▸ **DATA**
Content starts

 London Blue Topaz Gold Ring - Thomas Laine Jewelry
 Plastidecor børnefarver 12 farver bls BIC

Content ends
Content starts

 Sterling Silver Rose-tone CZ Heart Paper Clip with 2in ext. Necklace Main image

Content ends

▸ **WORK TO BE COMPLETED**
In the data above, retype exactly and only the lines between the one holding "London Blue Topaz" and the one holding "Plastidecor børnefarver 12 farver bls BIC", inclusive.

▸ **EXPECTED ANSWER**
 London Blue Topaz Gold Ring - Thomas Laine Jewelry
 Plastidecor børnefarver 12 farver bls BIC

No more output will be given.